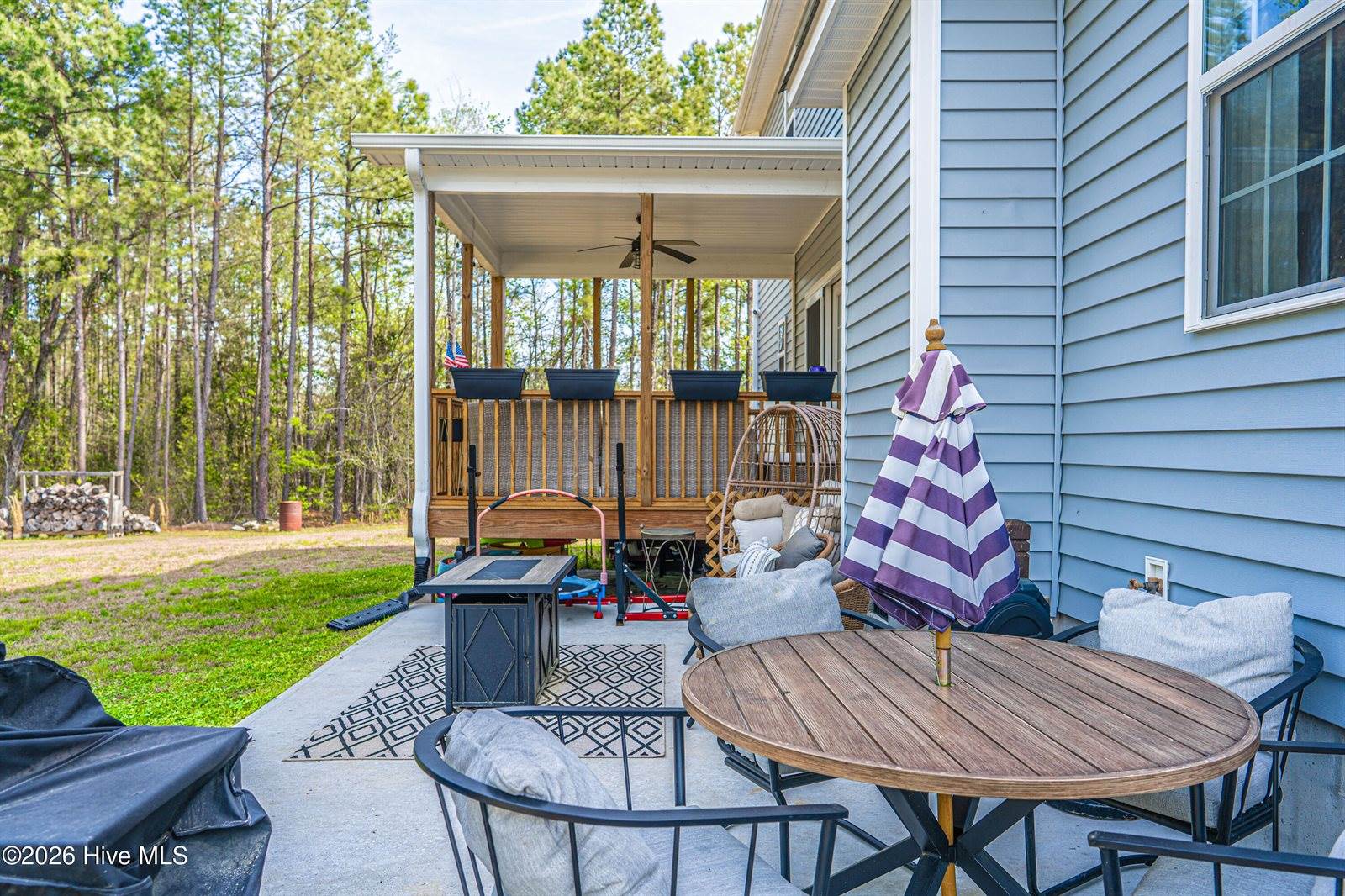 104 Sierra Drive, Cameron, NC 28326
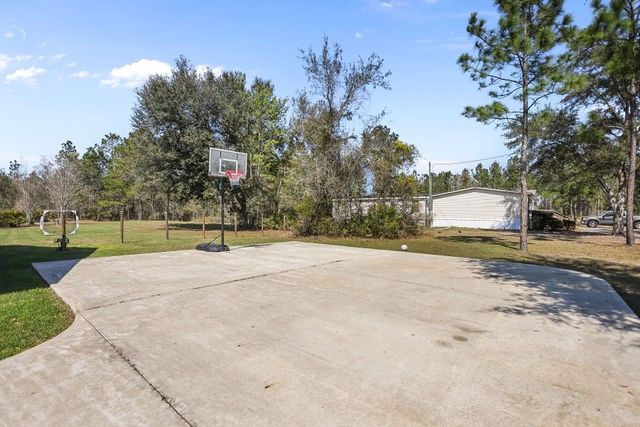 2065 Buster Walker Road Waynesville, GA 31566 - Photo 37 of 42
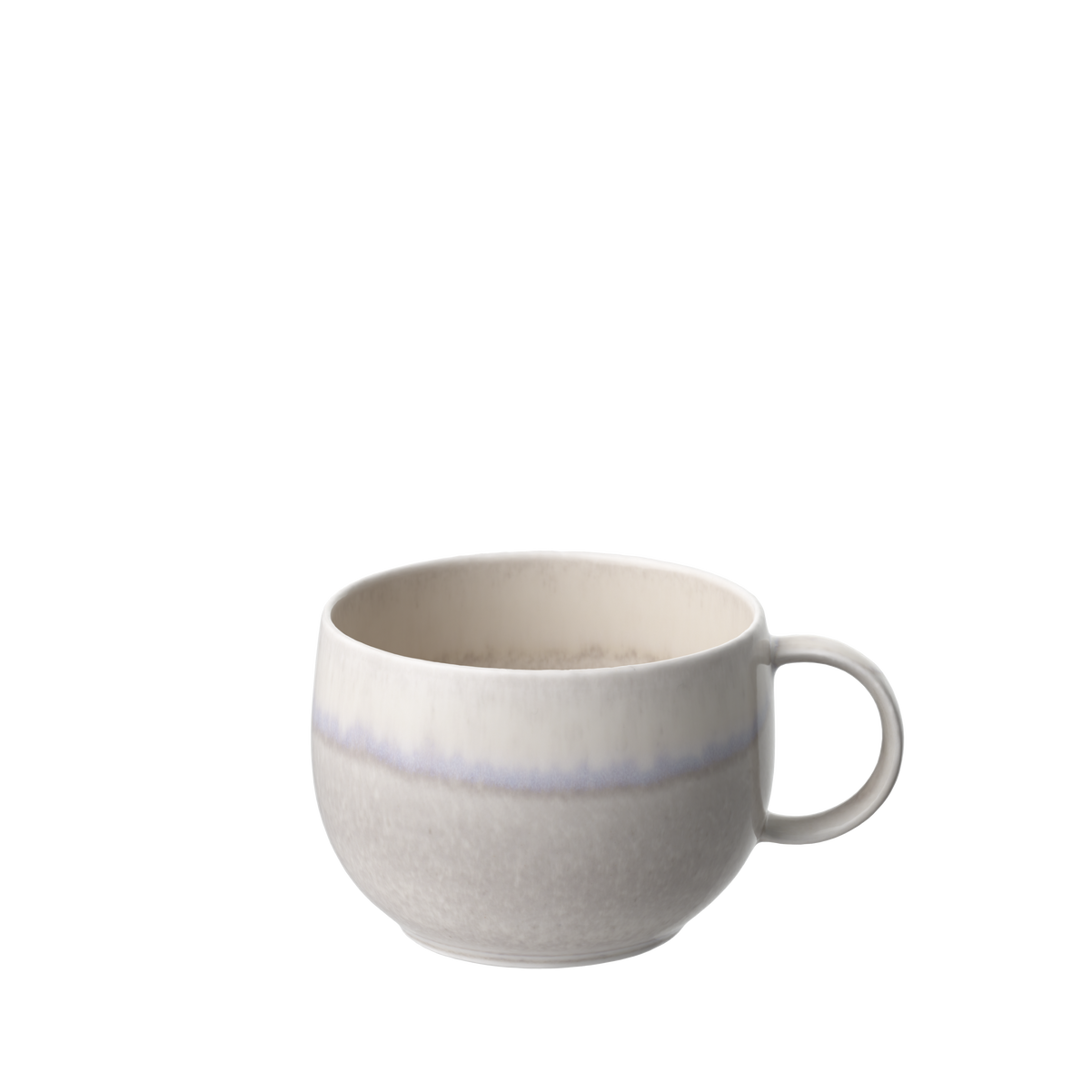 Perlemor Kaffeetasse / 1 Stück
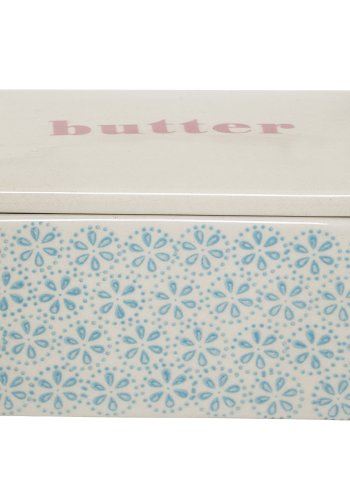 BLOOMINGVILLE Patrizia Smrboks, Bl, Stentj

○ ○ ○ ○ ○ ○ ○

◆ EXERCISE DIRECTIONS: Repeat exactly the lines from the one containing "Perlemor Kaffeetasse / 1 Stück" to the last line of the data above, both included, and write no pictures into the copy.

◆ ANSWER:
 Perlemor Kaffeetasse / 1 Stück
 BLOOMINGVILLE Patrizia Smrboks, Bl, Stentj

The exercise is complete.